● About this task
In the copy of these records, include no pictures and change nothing else.

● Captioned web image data
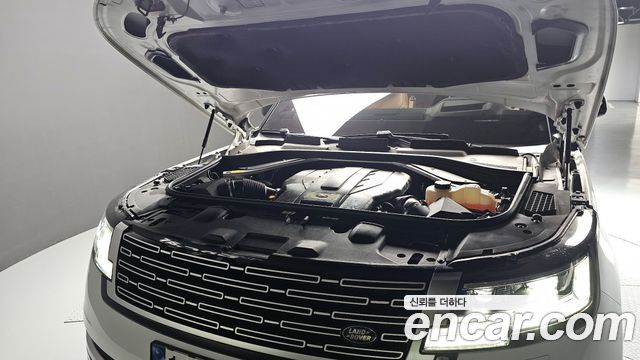 Land Rover Range Rover 2023 — photo 6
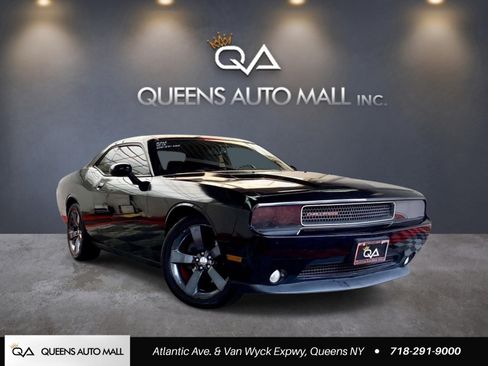 Used 2013 Dodge Challenger SXT RWD image 1
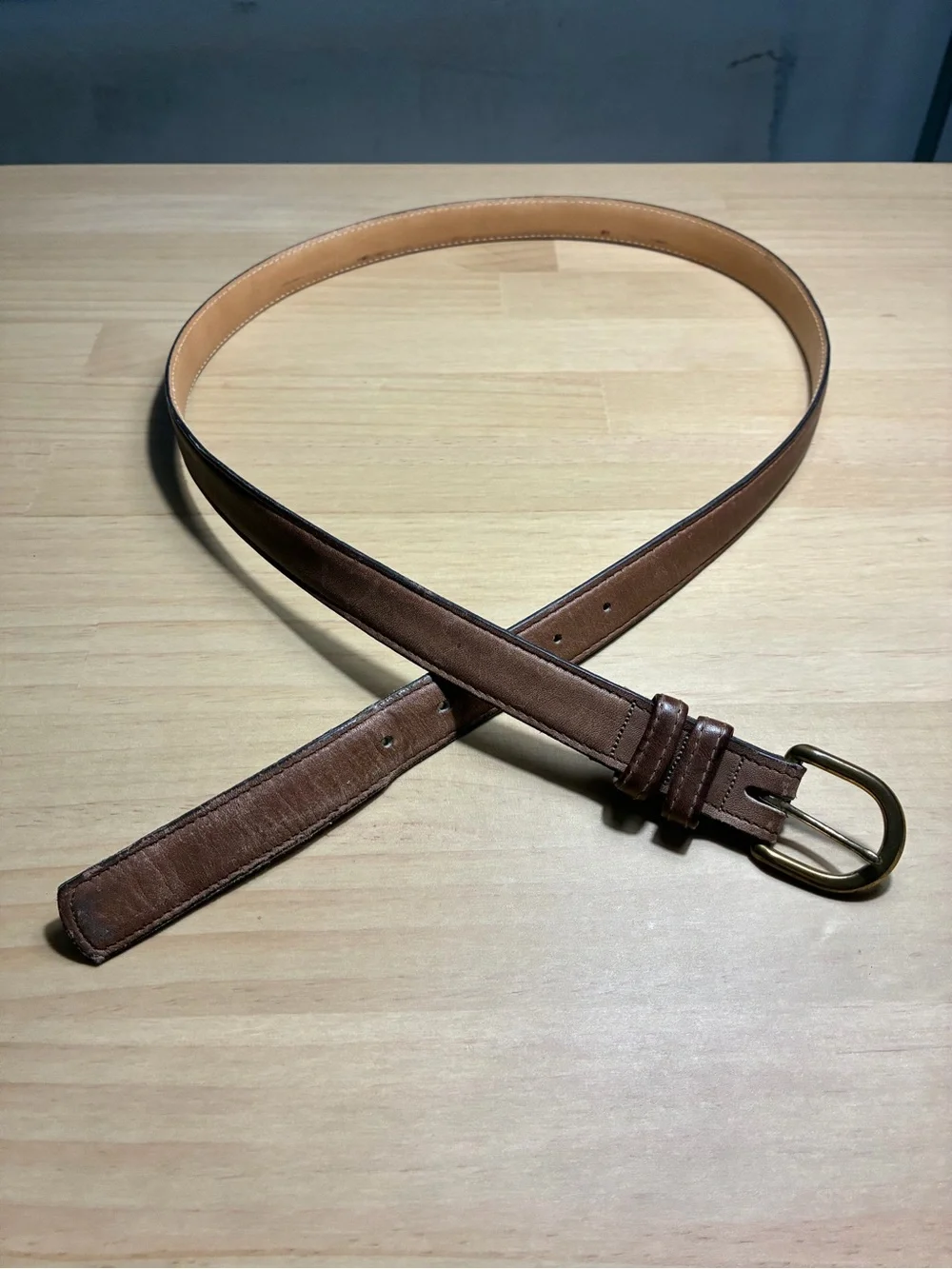 Levi's Vintage Made in USA Tan Brown Leather Belt with Brass-Tone Buckle 40”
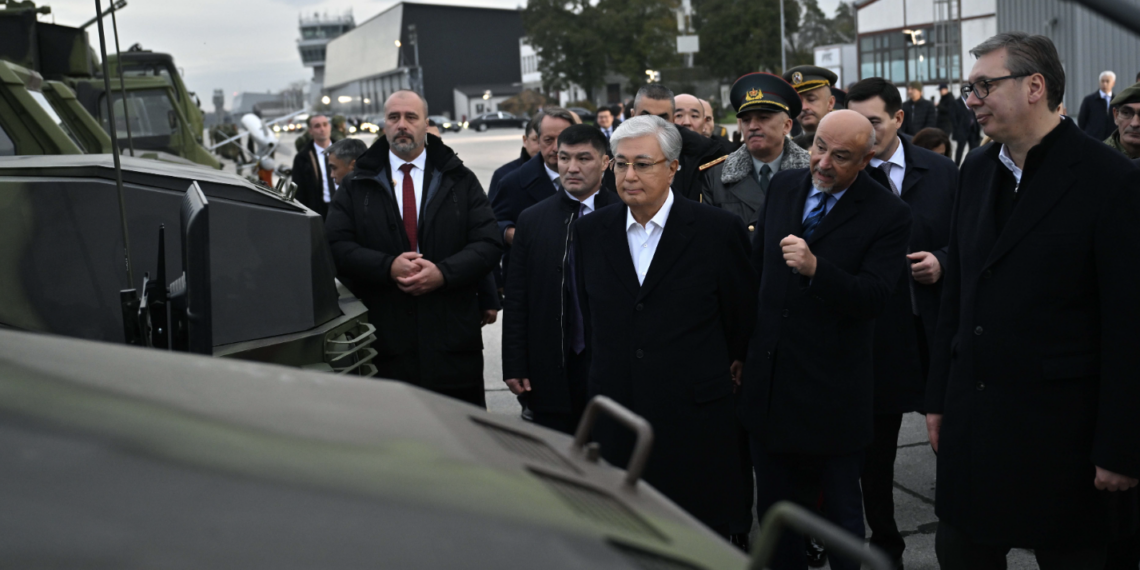 Токаев посетил выставку продукции оборонной промышленности Сербии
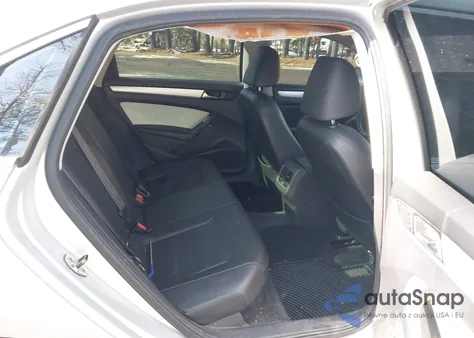 2013 Volkswagen Passat 2.5L Se z USA, uszkodzony, nr VIN 1VWBH7A38DC052903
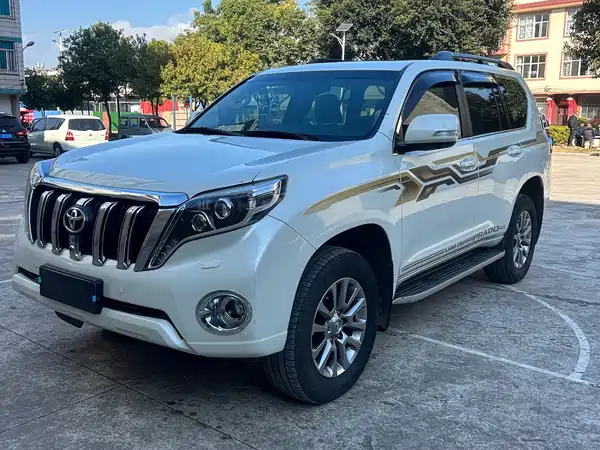 Toyota Prado 2016
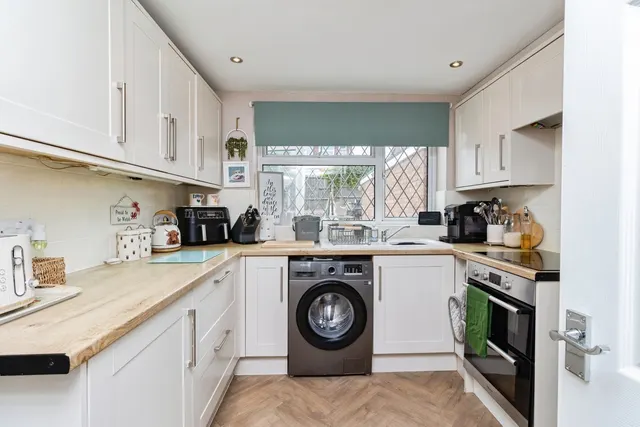 Photo 2 — Greylarch Lane, Stafford, Staffordshire, ST17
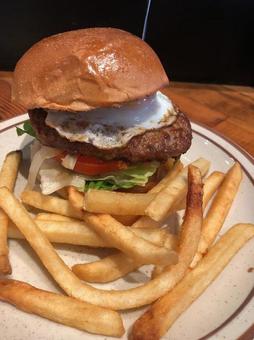 Delicious looking hamburger, JPG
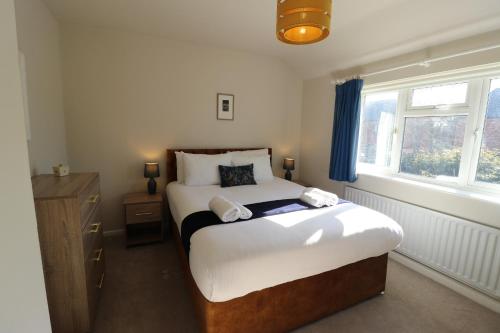 Foto Modern 3 Bed House with Garden and Parking 2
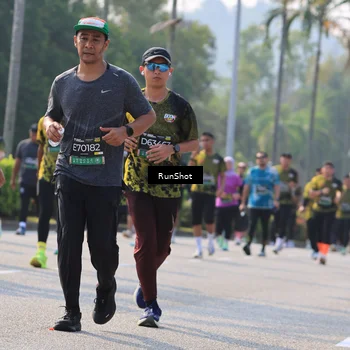 Runner Photo 7007940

● Completed task
 Land Rover Range Rover 2023 — photo 6
 Used 2013 Dodge Challenger SXT RWD image 1
 Levi's Vintage Made in USA Tan Brown Leather Belt with Brass-Tone Buckle 40”
 Токаев посетил выставку продукции оборонной промышленности Сербии
 2013 Volkswagen Passat 2.5L Se z USA, uszkodzony, nr VIN 1VWBH7A38DC052903
 Toyota Prado 2016
 Photo 2 — Greylarch Lane, Stafford, Staffordshire, ST17
 Delicious looking hamburger, JPG
 Foto Modern 3 Bed House with Garden and Parking 2
 Runner Photo 7007940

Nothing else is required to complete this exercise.